Marine Sciences Education and Curriculum Specialist 510-642-5008, contact Sarah by email
From an early age, Sarah Pedemonte knew she wanted to be connected to the ocean. She studied Marine Biology at University College of North Wales and received her Masters from the University of Stirling, Scotland in Aquaculture and Fisheries Management. She then pursued a career in fish farming that emphasized sustainability. She worked in Ireland, Israel, Bangladesh, Australia, the Bahamas and Thailand, for government groups and in private industry, transferring research-based understandings to grass-roots oyster, shrimp and fish farmers. Sarah began to promote the importance of preserving the ocean and its resources through informal education while living in Belize. She began working with the non-government organizations Oceanic Society and the Planetary Coral Reef Foundation who were working with Belizean fisheries officers on creating Marine Protected Areas. Sarah became a certified SCUBA Instructor and taught coral reef ecology and conservation.
MARE emeritus staff, Birch Aquarium at Scripps Institution of Oceanography, UC San Diego
Roberta Dean is a co-founder of the MARE Program at UC Berkeley’s Lawrence Hall of Science and co-author of MARE’s K-8 marine science curriculum (MARE Teacher's Guides To Ocean Habitats, grades K-8, in nine volumes: Ponds, Rocky Seashore, Sandy Beach, Wetlands, Kelp Forest, Open Ocean, Islands, Coral Reef, and Polar Seas) and the MARE Teacher’s Guide to Marine Science Field Trips-Central California. Currently serving as coordinator of the MARE Center at the Birch Aquarium at Scripps, Roberta works to connect the Scripps Institution of Oceanography’s research community with local K-8 schools in the San Diego and Southern California region. As the ocean science specialist for the Rancho Santa Fe School District, she works with this K-8 school community to integrate the Ocean Literacy Principles into the curriculum year-round.
As a former developer and director of Project Ocean and Executive Director of the Sonoma Sea School, Roberta has been providing professional development and leadership for teachers in the field of marine science education for 30 years.

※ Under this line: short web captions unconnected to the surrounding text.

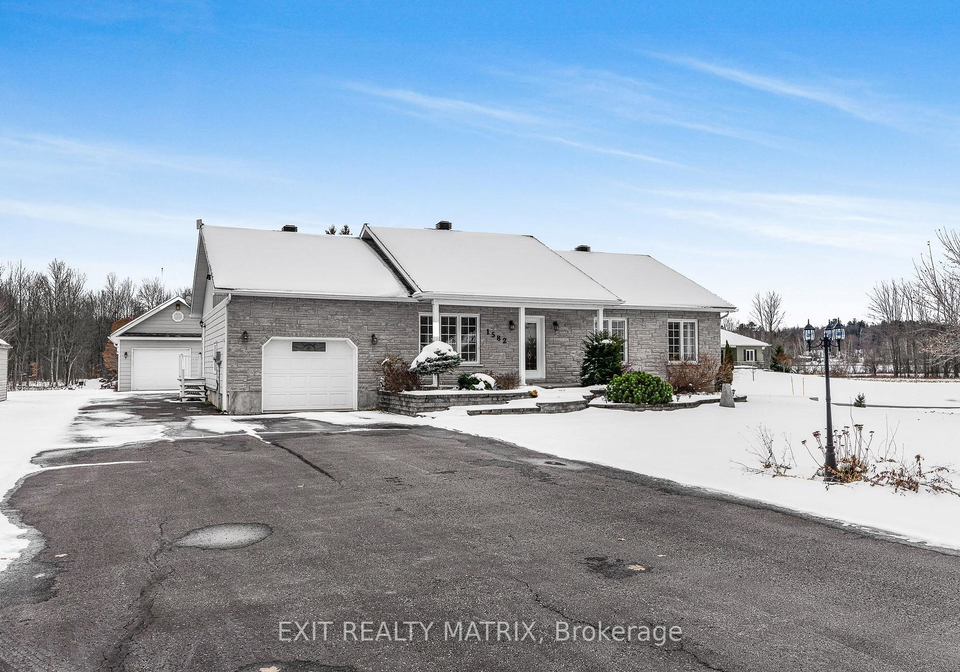 1582-sandy-hill-road-champlain-ontario-x12462315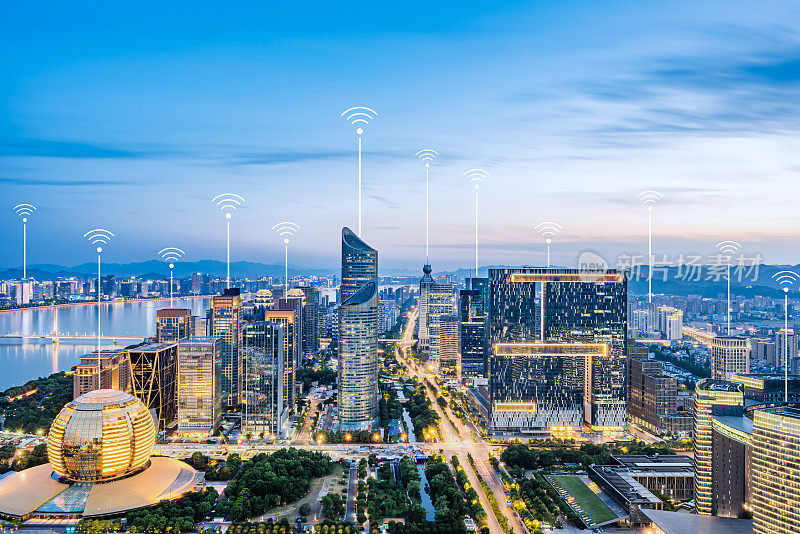 中国浙江杭州钱江新城夜景与5G城市概念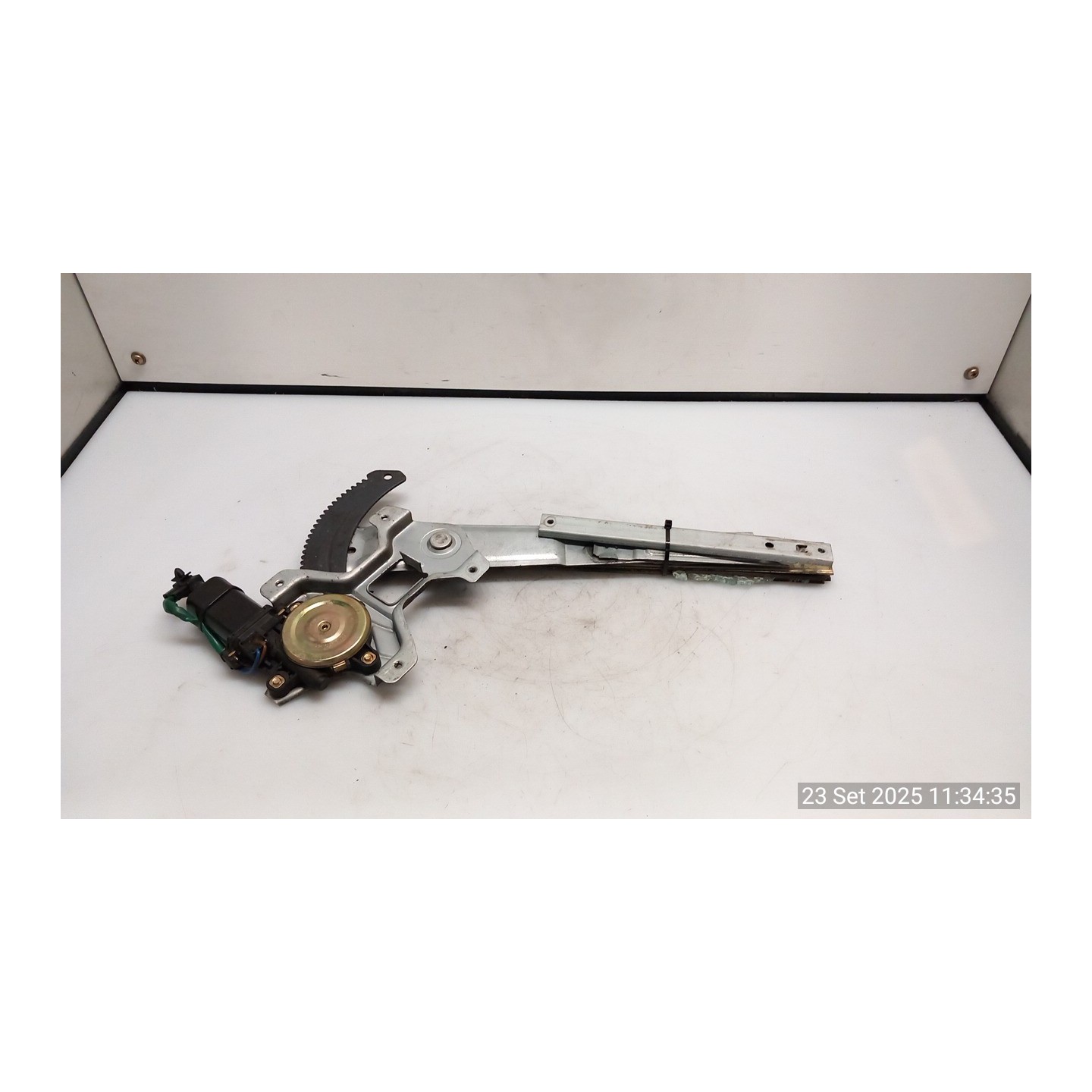 ALZACRISTALLO ELETTR. PORTA ANT. SX. 075 CHEVROLET (DAEWOO) MATIZ (M100) (12/00-02/06) F8CV 96323234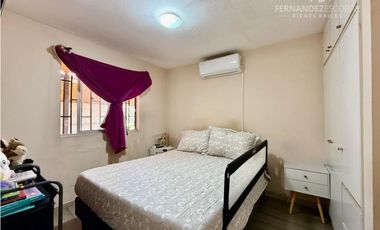 SAN FELIPE - VENDE CASA DE DOS PISOS 6D 2B VILLA PORTONES DEL INCA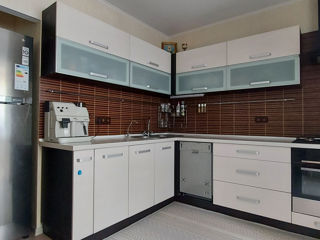 3-х комнатная квартира, 110 м², Ботаника, Кишинёв фото 7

Roberta has offered family programs and field courses for teachers in Belize, Central America, and served as an interpretive naturalist in the Bahamas and Mexico. Formerly a classroom teacher, Roberta holds a B.A. in Liberal Arts with a minor in Biology, as well as life credentials in Early Childhood Education, K-12 Education, as a resource specialist, and in both learning and severely handicapped.